Bende hızla sınıfa gittim, sınıfta sadece emir vardı, bana bakıp samimi bir gülüş atıp konuştu.
" günaydın süsen."
" günaydın emir." dedim neşeli sesle.
" bu sınıftaki kızlardan çok farklısın süsen."
emirin bir anda dediği şeyle uyarırcasına konuştum.
" emir... hiç o konulara girme istersen,
ne ima ettiğini anlayabiliyorum, ama yapma."
" neden ömer duyarsa ağzımı burnumu mu kırar.?" Dedi sırıtıp.
" emir kapat konuyu." dedim çantamdan defterimi çıkartıp.
" bak şöyle bir anlaşma yapalım, ben ömer yokken sana yürüyim." dedi elini masama koyup yüzünü yüzüme eğdi.
bende hızla ayağa kalkıp sinirle konuştum.
" napıyorsun sen ya."
" yürüyorum işte." Diyip tekrardan yerine oturdu.
Bende kendi kendime söylendim.
" manyak mıdır nedir bu ya." dedim.

ÖMER DEN
ben kütüphane de bir kitap ararken bir anda biri içeriye girip konuştu.
" günaydın zeki çocuk."
leyla nın sesiydi bu.
" sana da günaydın leyla." dedim yüzüne bakmadan.
" ne o süsen seni yüzüme bakmaman için uyardı mı.?"
bunu demesiyle yüzüne dönüp konuştum.
" hayır söylemedi, ama ben fazla hanımcıyım dır, o yüzden kendi sevgilim dışında başka bir kızla sohbet bile etmek istemiyorum." dedim.

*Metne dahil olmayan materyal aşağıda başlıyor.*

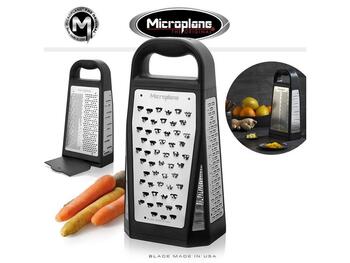 ELITE BOX GRATER COVER   Alessandrelli Business Solutions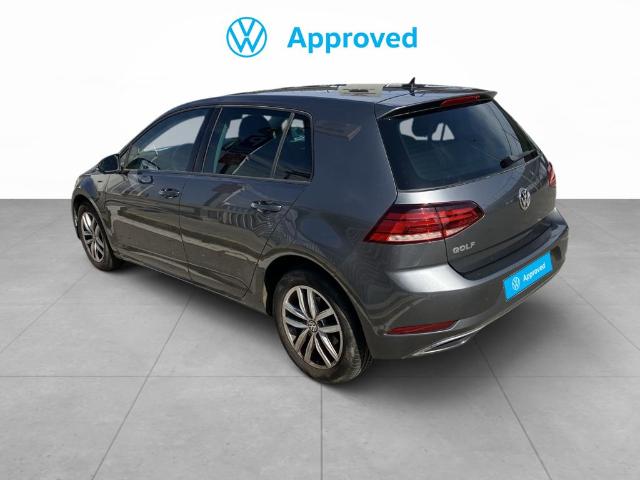 Volkswagen Golf Advance 1.4 TSI 92 kW (125 CV)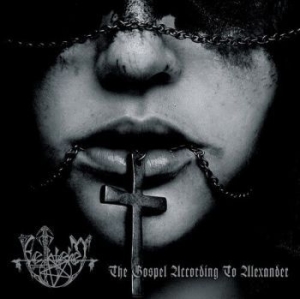 Bethlehem - Gospel According To Alexander The ( in der Gruppe VINYL / Hårdrock bei Bengans Skivbutik AB (3975961)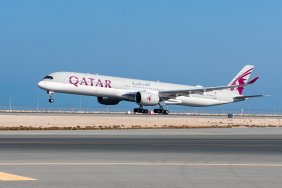Because of the corruption scandal in the European Parliament, they want to review Qatar Airways' access to the EU market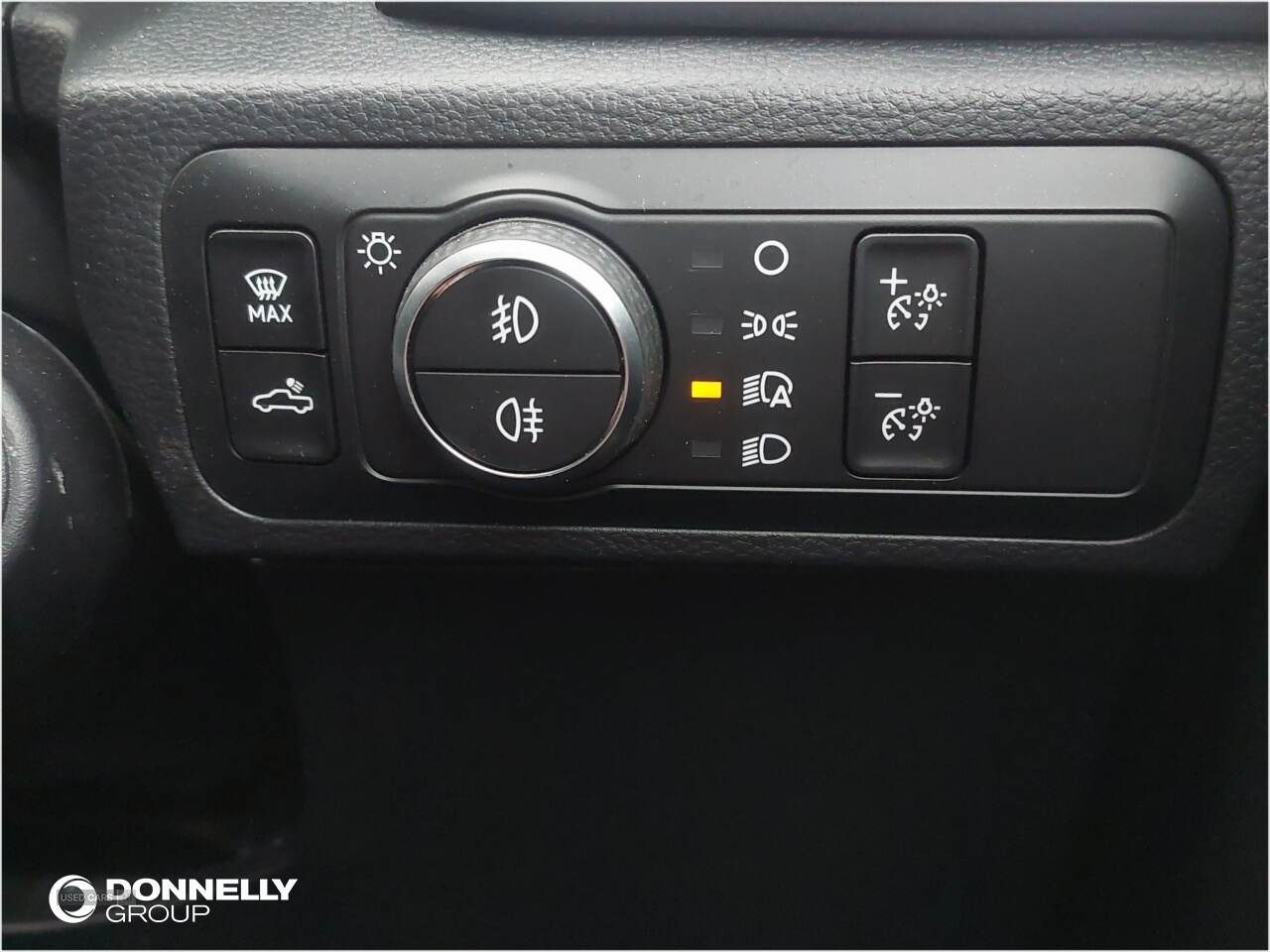 Aug 2024 Volkswagen Amarok D/Cab Pick Up Style 2.0 TDI 205 4MOTION Auto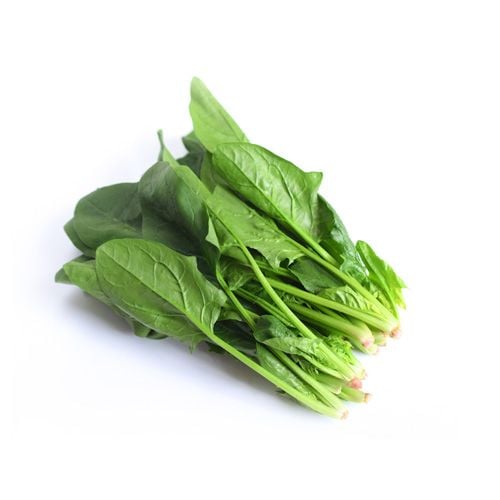 Organic Spinach 250G- ORGANIC SPINACH 250G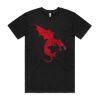 Mens Basic Tee Thumbnail
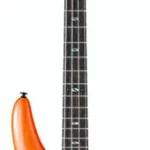 La basse électrique Ibanez SR4600-OSL | Test et Avis | E.G.L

" çok klişe bence." dedi sırıtıp.
" nasıl düşünmek istiyorsan öyle düşünebilir sin." dedim ve tam yanından geçip gidecektim ki, eliyle kolumu tutup konuştu.
" Ömer, eğer susenle ayrılırsan ben burdayım."
bunu demesiyle dalga geçercesine konuştum.
" olduuu tamam, Allahim sen bana sabır ver ya, uğraştığım insanlara bak."
Diyip kolumu elinden kurtarıp sınıfa gittim.
sınıfa girdiğimde süsenin gözlerini kapatmış uyuyor olduğunu gördüm,
nazikçe yanına oturup yanağına küçük bir buse kondurup konuştum.
" sevgilim aç hadi gözlerini, hoca gelecek."
bunu dememle gözlerini açıp konuştu.
" gözlerimi dinledireyim dedim ama şu hale bak uyumuşum hemen." dedi gülüp.
sonra hoca geldi, ama yanında bir öğrenci vardı, sarışın bişey.
" günaydın çocuklar, bu gördüğünüz arkadaşınız artık sizinle birlikte bu sınıfta okicak...
Mahir Asiye nin yanına oturabilir sin."
Diyip Asiye nin sırasını işaret etti.
doruğun dik dik bakışlarını fark etmemle süsene dönüp konuştum.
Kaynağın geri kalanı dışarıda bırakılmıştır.